How to Depress a Chief Medical Officer (or This Is Why We Can’t Have Nice Things)

How to depress a Chief Medical Officer“Never waste a good crisis.” This quote has been ascribed to various sources, but whoever said it was wise. Often, one can make significant progress in a short amount of time when the environment is unstable. Normal rules go out the door. Maybe this is because there’s an existential crisis and something had to be done to save the organization from doom. Perhaps a leader has exited and before the management vacuum is filled, a long dormant project is resurrected and quickly implemented under the radar. Whatever circumstances led to the crisis, enterprising folks often take advantage to get stuff done.

I once found myself with a mini-crisis on my hands, and I didn’t want to waste it. While I’ve taken a few liberties with some facts in order to protect the innocent (or guilty), you’ll get the gist of it. I was summoned to the C-suite to meet with the chief medical officer (CMO) and chief information officer (CIO). I was told that “we have a problem.” Apparently some insurance company audits showed that some of our physicians weren’t completing required documentation in required ways in a required timeframe. Shock and horror ensued, naturally. “But . . . but . . . I’m sure we told them they needed to do this. Didn’t we? We did. I know we did.” Regardless of whether we did or didn’t, those crazy doctors were in trouble, and the hospital was in trouble along with them.

What could be done to rectify the situation? My natural inclination as a parent was to sit those physicians down and give them a stern talking to. “Listen, you doctors. You need to complete this documentation in the way I say, and in the time that I’m allowing. Or else! Do you hear me? I’m talking to you. Look at me!” This did not go over well with my executive audience. I considered trying to reason with them. “You fine group of physicians. Don’t you like following the rules like good health care providers should?” That one got me a hearty laugh, but still, a no go.

There was one more option, but I would never have thought of it. It was suggested that maybe, perchance, perhaps, possibly could we PUT A HARD STOP IN THE ELECTRONIC HEALTH RECORD (EHR) SO THE DOCTOR HAD TO FILL OUT THE INFORMATION. When I have my CMIO hat on, this option is almost not even worth discussing. I hate hard stops. They are the bane of my existence. Some folks want to invoke the nuclear option right away, so my default answer is no. We don’t do hard stops unless we’ve exhausted every other option.

I understand the appeal of hard stops.
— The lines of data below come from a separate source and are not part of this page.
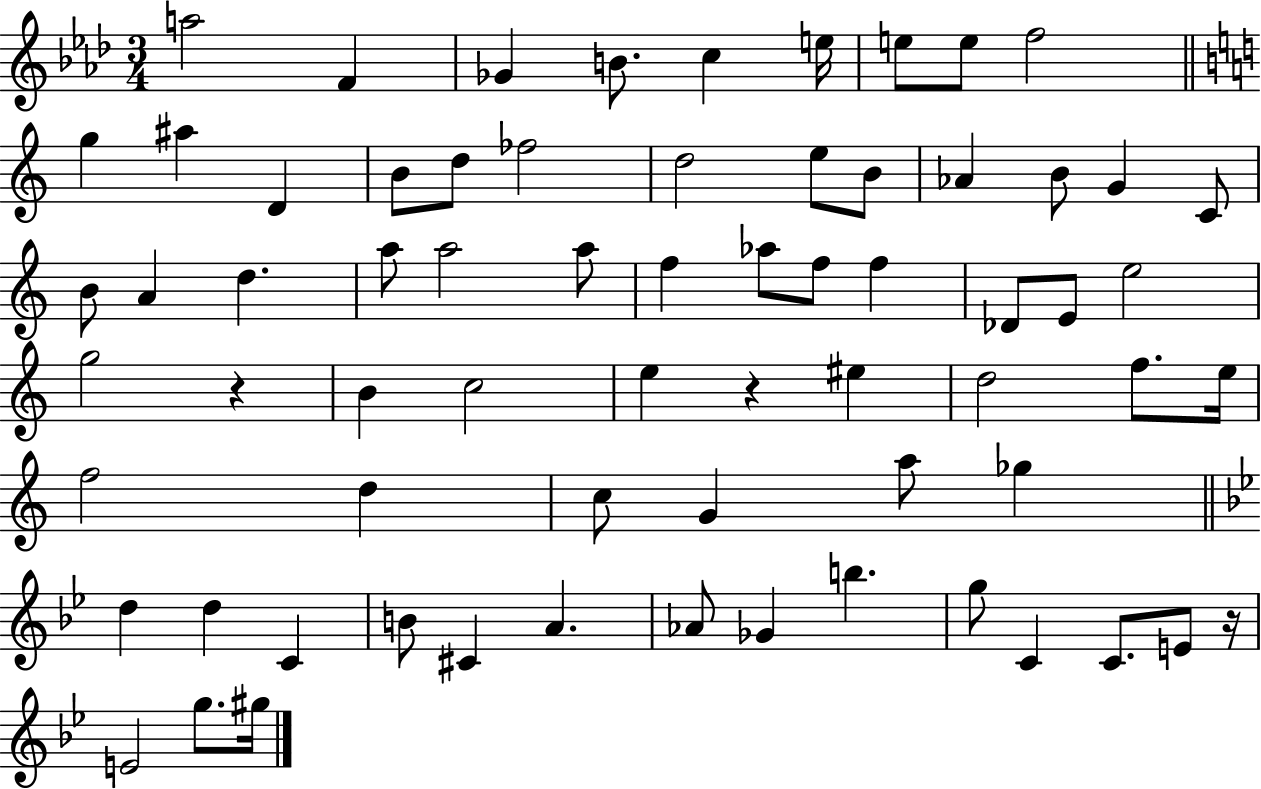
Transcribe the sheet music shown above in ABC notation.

X:1
T:Untitled
M:3/4
L:1/4
K:Ab
a2 F _G B/2 c e/4 e/2 e/2 f2 g ^a D B/2 d/2 _f2 d2 e/2 B/2 _A B/2 G C/2 B/2 A d a/2 a2 a/2 f _a/2 f/2 f _D/2 E/2 e2 g2 z B c2 e z ^e d2 f/2 e/4 f2 d c/2 G a/2 _g d d C B/2 ^C A _A/2 _G b g/2 C C/2 E/2 z/4 E2 g/2 ^g/4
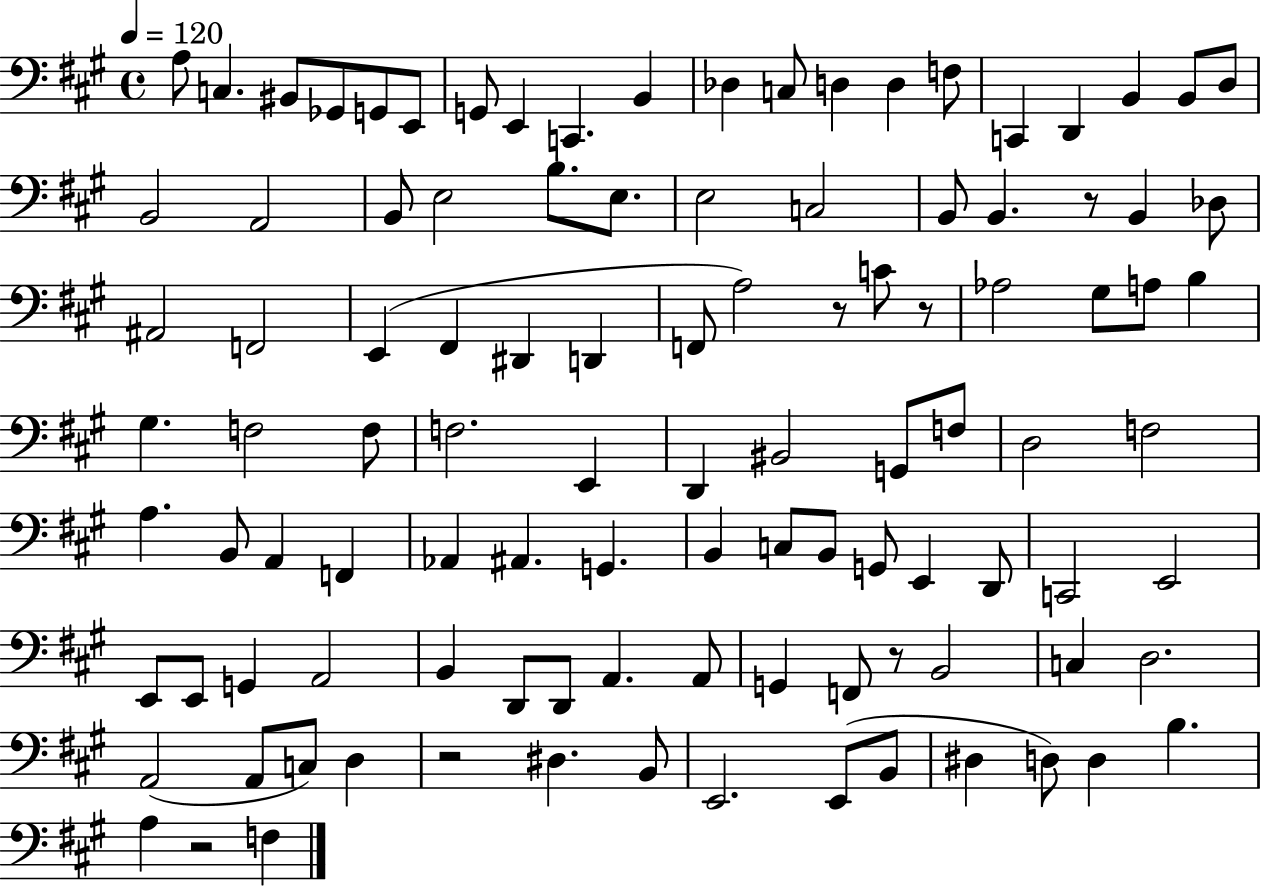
X:1
T:Untitled
M:4/4
L:1/4
K:A
A,/2 C, ^B,,/2 _G,,/2 G,,/2 E,,/2 G,,/2 E,, C,, B,, _D, C,/2 D, D, F,/2 C,, D,, B,, B,,/2 D,/2 B,,2 A,,2 B,,/2 E,2 B,/2 E,/2 E,2 C,2 B,,/2 B,, z/2 B,, _D,/2 ^A,,2 F,,2 E,, ^F,, ^D,, D,, F,,/2 A,2 z/2 C/2 z/2 _A,2 ^G,/2 A,/2 B, ^G, F,2 F,/2 F,2 E,, D,, ^B,,2 G,,/2 F,/2 D,2 F,2 A, B,,/2 A,, F,, _A,, ^A,, G,, B,, C,/2 B,,/2 G,,/2 E,, D,,/2 C,,2 E,,2 E,,/2 E,,/2 G,, A,,2 B,, D,,/2 D,,/2 A,, A,,/2 G,, F,,/2 z/2 B,,2 C, D,2 A,,2 A,,/2 C,/2 D, z2 ^D, B,,/2 E,,2 E,,/2 B,,/2 ^D, D,/2 D, B, A, z2 F,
Doctor, at this point in the workflow, you can’t move forward until and unless you give us what we want . . . what we need. It’s just that what an administrator or a researcher or someone else might want/need may not directly correlate with what the physician or the patient wants/needs. Sometimes those things do overlap. If a doctor is ordering a medication, we need to know the dose, route, and frequency. Those are inherent parts of the medication order; without those data, there is no reason to move on. Those are great places for a hard stop.

But often, we either don’t have the technical ability to halt a workflow in a convenient place or it’s just not a safe thing to do. My standard spiel is “I’m waiting on the keyboard company to give me the ability to apply a light electrical shock to the person typing, but even after they do, I’m not sure biomedical engineering at the hospital will approve.” While there are select areas of the EHR where it’s possible to stop a doctor in his/her tracks, should we? Let’s think about patient safety. Are those data fields so important that we essentially tell a physician that he/she can’t open a different patient’s chart, can’t order a medication or lab test, or can’t review patient progress or consultants’ notes? Typically the answer is no. But no isn’t always the answer.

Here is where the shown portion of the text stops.